And FWIW I think this can happen with other types as well if a person refuses to use their PoLR in a situation where it's required. Anyone who's capable of using the function and recognizing its importance is going to be annoyed by someone else needlessly complicating the situation and refusing to respond appropriately. It's just that where it's possible to make others aware of how much you suck at this function so that they won't make you use it as much, your supervisor isn't going to go for that.
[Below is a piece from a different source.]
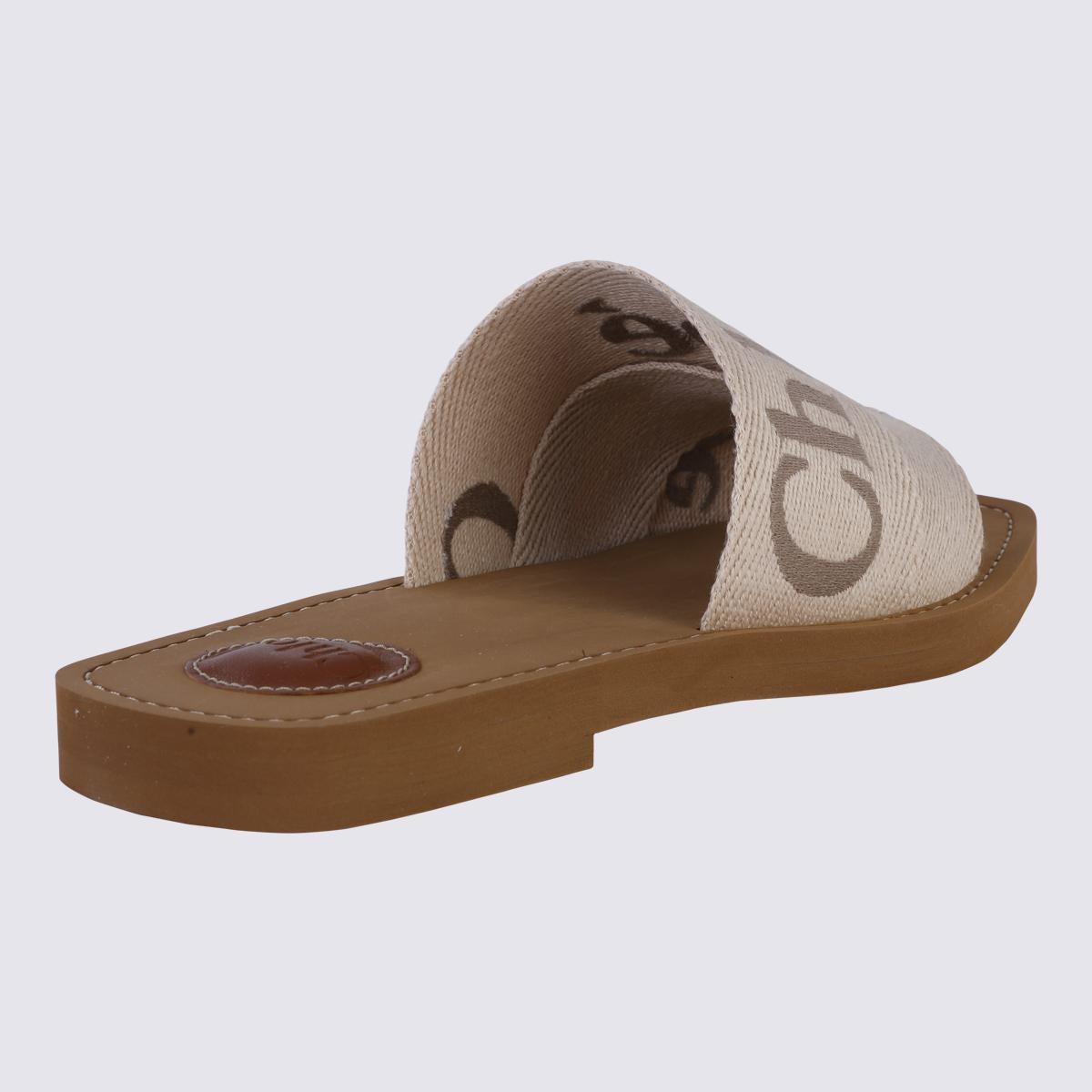 CHLOÉ Woody Canvas Slides In Beige Product Image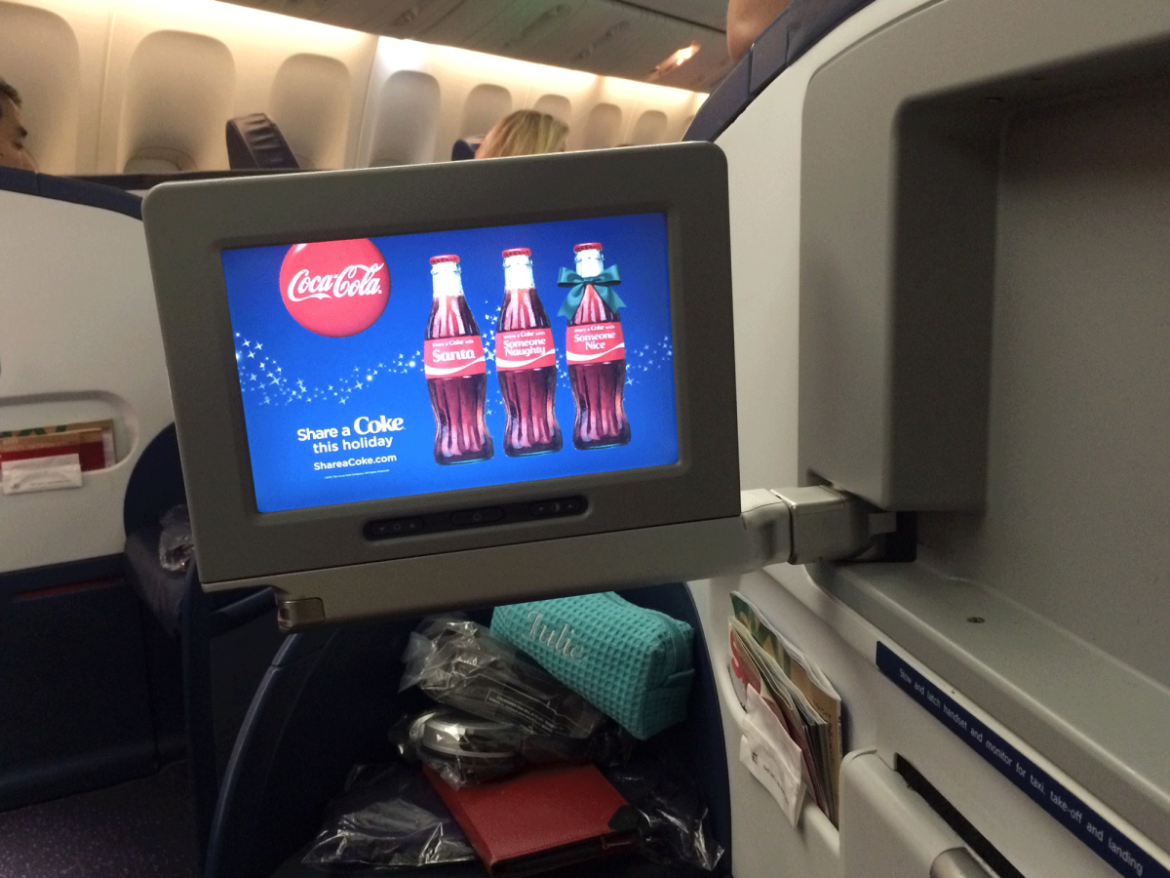 Delta's screen was tiny and low-definition in comparison. But the entertainment selection was just as good.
As for relations of benefit, the only thing I notice being a PROBLEM with them is that the beneficiary is semi-retarded in the realm of the benefactor's creative function and sets themself up to get flack for this. Actually it usually seems that the beneficiary's base function is extremely alluring to their benefactor and this never seems to change. I know that I love SEEs' base function use and actually regard their creative function with respect, but I HATE their blind optimism when it comes to Ni-DS. Whereas our DS function seems to assume that someone else will come along and save us when we mess up in this area, someone who has that as their creative function will gladly make it known that NO, no one is going to save you. HELP you maybe, but first you need to try and help yourself, and I think this can stress the beneficiary out.
 
#55 ·
As for relations of benefit, the only thing I notice being a PROBLEM with them is that the beneficiary is semi-retarded in the realm of the benefactor's creative function and sets themself up to get flack for this. Actually it usually seems that the beneficiary's base function is extremely alluring to their benefactor and this never seems to change. I know that I love SEEs' base function use and actually regard their creative function with respect, but I HATE their blind optimism when it comes to Ni-DS. Whereas our DS function seems to assume that someone else will come along and save us when we mess up in this area, someone who has that as their creative function will gladly make it known that NO, no one is going to save you. HELP you maybe, but first you need to try and help yourself, and I think this can stress the beneficiary out.

Benefactors creative stacked to beneficiarys is totally emaciated. Beneficiary does already feel helpless. Beneficiary should get help because benefactor will likely not even come to fully understand the beneficiarys problem. Beneficiary has to learn to stand on their own eventually.